A distinção servirá a Lang, depois de constatar e referenciar as próprias limitações, para propor o início de uma teoria de gêneros e tropos filosóficos. Nesse sentido, introduz as noções de “autor implícito”, “ponto de vista” e “leitor implícito” para falar de narratologia filosófica e associar esses modelos de relações epistémicas com formas filosóficas textuais. Embora a utilização dos termos apresenta coerência, o facto de Lang não ter presente as teorizações narratológicas sobre autor empírico e autor textual pode embaçar o argumento. Para além disso, Lang afirma que as escolhas do género, do narrador, do ponto de vista, etc., são importantes também em filosofia e condicionam a arquitetura do discurso. Por isso, para o teórico norteamericano, o discurso filosófico é também uma forma de fazer um artefato textual.
“Consider, for example, the following definitions of romance and comedy, abbreviated from Northrop Frye‘s work: romance as a movement of self-assertion and -definition, in which a hero emerges having conquered, and thus having freed himself from, a world of recalcitrant experience, thus the triumph of good over evil; comedy as involving a reconciliation of forces which at first divided (as it turns out, provisionally) groups or individuals in the social or natural world from which comedy sets out. Much more would obviously be needed to support these definitions and the use I make of them – but superficially at least, the distinction between romance and comedy seems exactly to capture an important formal aspect of the difference between Hegel’s Phenomenology and Leibniz’s Monadology: the former, a prototype of the Bildungsroman in which we follow the trials and education of a character named Spirit on its way to victory, as Absolute; the other in which the ostensive differences and varieties of an often harsh experience are reconciled in the even-handed harmony of the “best of all possible worlds.” (Readers have often found the Monadology amusing, and they tend to interpret this as a response to a philosophical oddity; but if what I suggest here is correct, they are amused because the Monadology is funny.)” (p32-33).

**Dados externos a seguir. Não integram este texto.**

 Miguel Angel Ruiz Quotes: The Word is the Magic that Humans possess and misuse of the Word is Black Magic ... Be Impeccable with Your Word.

No que concerne à comparação entre arte e filosofia, Lang argumenta, ao falar dos processos de validação filosóficos, que, para além das aparências, estes não são julgados como sistemas que podem ser verdadeiros ou falsos. Para o teórico, poucos críticos filosóficos falariam que um sistema está errado. “St. Thomas and Kant refute the ontological argument as it appears in Anselm or Descartes, and somehow all four, the arguments and the refutations, have managed to survive” (p. 106). Isso não significa, para Lang, que em filosofia tudo é possível. O processo de avaliação em filosofia está relacionado ao contexto individual e de emergência daquilo que está sendo avaliado, facto que não torna a avaliação menos rigorosa do que o faria com a aplicação somente de critérios de verdade ou falsidade; significa apenas que não há regras gerais de exclusão e inclusão – e isso novamente aproxima a questão à analogia do processo da arte, onde não encontramos condições suficientes ou necessárias para juízos de aprovação e condenação. Para Lang, as incompatibilidades entre sistemas filosóficos ressaltam apenas a possibilidade de um pluralismo avaliativo. Os métodos filosóficos diferem porque é inevitável que todo sistema filosófico proponha um método diferente. As diferenças então se tornam inevitáveis. O tema filosófico e seu meio também variam. Onde uma estrutura tem limites indefinidos, tudo o que é afirmado sobre ela torna-se parte dos limites. Para o teórico a analogia entre filosofia e arte se sustenta com esses exemplos, uma vez que também para a arte o método e o tema começam com o próprio artista. Pois nem na filosofia nem na arte, a revisão ou recriação contínua do método e do meio produzem dissonância, seja dentro de uma única obra ou em muitas obras. Há espaço, talvez até necessidade, para tal variedade – e dificilmente seria o caso se a única “variedade” legítima disponível para o trabalho da filosofia fossem as alternativas de ser verdadeiro ou falso.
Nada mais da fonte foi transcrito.